It seems to me not superfluous to bring forward and insist on the past types of this holy one, the Mother of God. These types succinctly announced the Divine Child whom we have received. I look upon His Mother as the saint of saints, the holiest of all, the fragrant urn for the manna, or rather, to speak more truly, the fountain taking its rise in the  divine and far-famed city of David, in Sion the glorious; in it the law is fulfilled and the spiritual law is portrayed. In Sion, Christ the Law-giver consummated the typical pasch, and God, the Author of the old and the new dispensation, gave us the true pasch. In it the Lamb of God, who takes away the sins of the world, initiated His disciples unto His mystical feast, and gave them Himself slain as a victim, and the grape pressed in the true vine. In Sion, Christ is seen by His apostles, risen from the dead, and Thomas is told, and through Thomas the world, that He is Lord and God, having in Himself two natures after His resurrection, and consequently two operations, independent wills, enduring for all ages. Sion is the crown of churches, the resting-place of disciples. In it the echo of the Holy Spirit, the gift of tongues, His fiery descent are transmitted to the apostles. In it St John, taking the Mother of God, ministered to her wants. Sion is the mother of churches in the whole world, who offered a resting-place to the Mother of God after her Son's resurrection from the dead. In it, lastly, the Blessed Virgin was stretched on a small bed.
 When I had reached this point of my discourse, I was obliged to give vent to my own feelings, and burning with loving desire, to shed reverent yet joyful tears, embracing, as it were, the bed so happy and blest and wondrous, which received the life-giving tabernacle and rejoiced in the contact of holiness. I seemed to take into my arms that holy and sacred body itself, worthy of God, and pressing my eyes, lips, and forehead, head, and cheeks to hers, I felt as if she was really there, though I was unable to see with my eyes what I desired. How, then, was she assumed to the heavenly courts? In this way. What were the honours then conferred upon her by God who commands us to honour our parents? The cloud which enclosed Jerusalem as with a net, by the divine commands, brought together eagles from the ends of the earth, those who are spread over the world, fishing for men in the various and numerous tongues of the spirit. By the net of the word they are saving men from the abyss of doubt and bringing them to the spiritual and heavenly table of the sacred and mystical banquet, the perfect marriage feast of the Divine Bridegroom,  which the Father celebrates with His Son, who is equal to Himself and of the same nature. "Where the spirit is," says Christ the Truth, "there shall the eagles be gathered together." If we have already spoken concerning the second great and splendid coming of Him who spoke these words, it will not be out of place here by way of condiment.

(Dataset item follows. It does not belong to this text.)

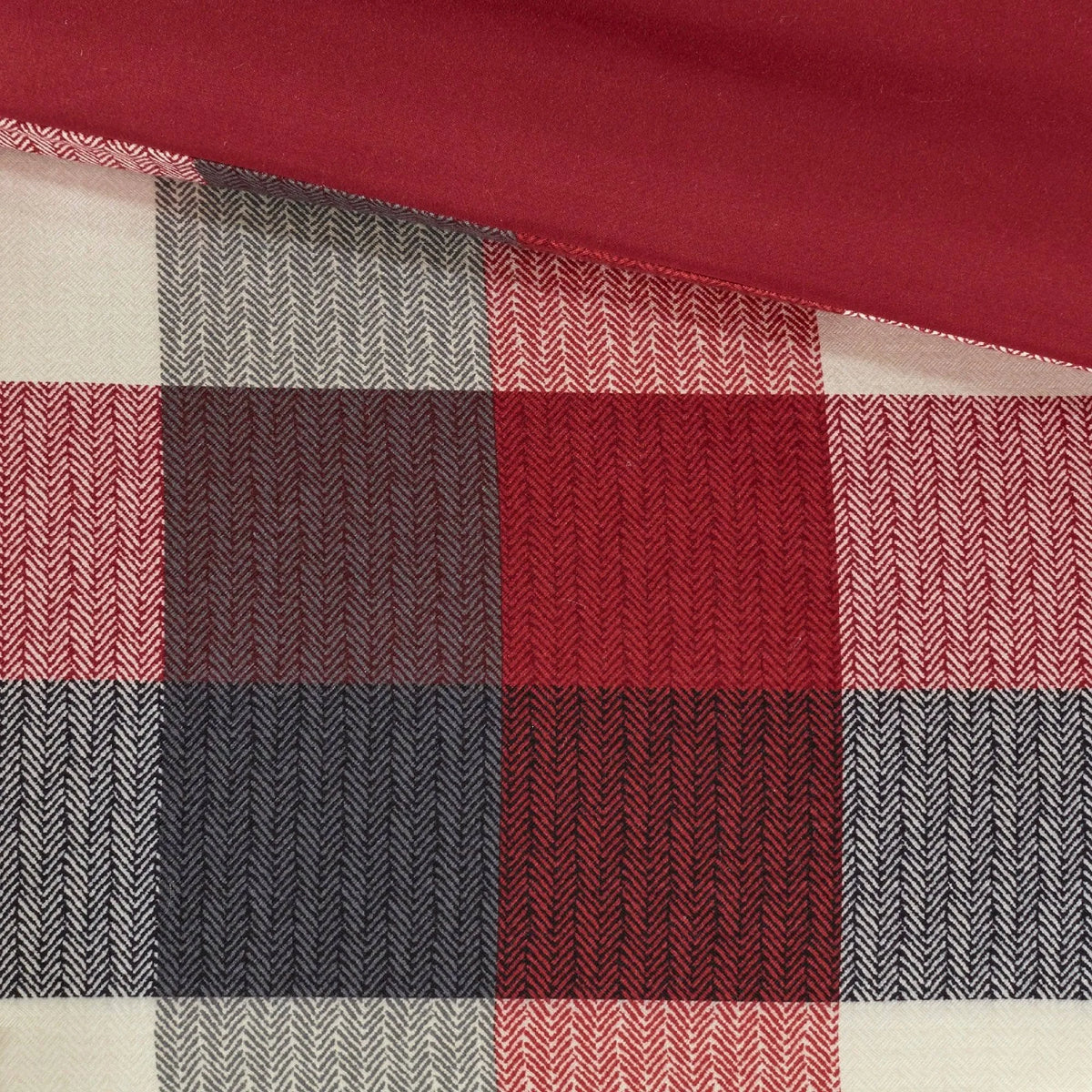 6 Piece Herringbone Duvet Cover Set Red King/Cal King P716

Eye-witnesses, then, and ministers of the word were there, duly ministering to His Mother, and drawing from her a rich inheritance, as it were, and a full measure of praise. For is it a matter of doubt to any one that she is the source of blessing and the fountain of all good? Their followers and successors also were there, joining in their ministry and in their praise. A common labour produces common fruits. A chosen band from Jerusalem were there. It was fitting that the foremost men and prophets of the old law, they who had foretold God the Word's saving birth of her in time, should be there as a guard of honour. Nor did the angelic choirs fail. They who obeyed the king heartily (kata gnwmhn) and consequently were honoured by standing near Him, had the right  to serve as a body-guard to His Mother, according to the flesh, the truly blessed and blissful one, surpassing all generations and all creation. All those were with her who are the brightness and the shining of the spirit, with spiritual eyes fixed upon her in reverence, and fear, and pure desire.

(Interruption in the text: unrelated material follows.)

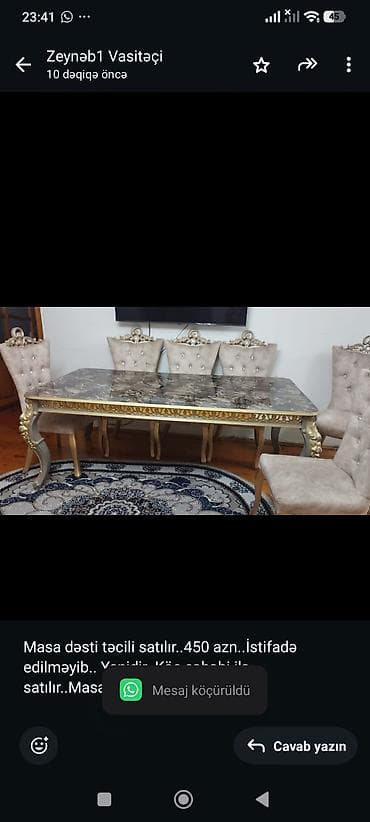 kohnə stul: Masa dəsti təcili satılır. 450 azn. İstifadə edilməyib. Yenidir. Köç — 1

We hear divine and inspired words, and spiritual canticles appropriate to the parting hour. On this account it was meet to praise His boundless goodness, His immeasurable greatness, His omnipotence, the generosity surpassing all measure in His dealings with us, the overflowing riches of His mercy, the abyss of His tenderness; how, putting aside His greatness, He descended to our littleness with the co-operation of the Father and the Holy Spirit. Again, the supersubstantial One is supersubstantially created in the virginal womb. Being God He became man, and remains according to this union perfect God and perfect man, not giving up the substance of His Godhead nor ceasing to be of the same flesh and blood as we are. He, who fills all things and governs the universe with one word, took up His abode in a narrow place, and the material body of  this blessed one received the burning fire of the Godhead, and as genuine gold it remained intact. This has taken place because God willed it, since His good pleasure makes things possible which could not happen without it. Then followed a strife of praise, not as if each was seeking to outdo the other--for this is vainglorious and far from pleasing to God--but as if they would leave nothing undone for the glory of God and the honour of God's Mother.

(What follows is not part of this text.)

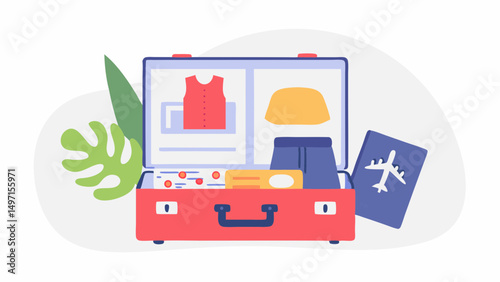 Illustration of an open red suitcase packed with clothes and a passport on a white background design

Then Adam and Eve, our first parents, opened their lips to exclaim, "Thou blessed daughter of ours, who hast removed the penalty of our disobedience! Thou, inheriting from us a mortal body, hast won us immortality. Thou, taking thy being from us, hast given us back the being in grace. Thou hast conquered pain and loosened the bondage of death. Thou hast restored us to our former state. We had shut the door of paradise; thou didst find entrance to the tree of life. Through us sorrow came out of good; through thee good from sorrow. How canst thou who art all fair taste of death ? Thou art the gate of life and the ladder to heaven. Death is  become the passage to immortality. O thou e truly blessed one! who that is not the Word could have borne what thou hast borne?"*
All the company of the saints exclaimed, "Thou hast fulfilled our predictions. Thou hast purchased our present joy for us. Through thee we have broken the chains of death. Come to us, divine and life-giving receptacle. Come, our desire, thou who hast gained us our desire."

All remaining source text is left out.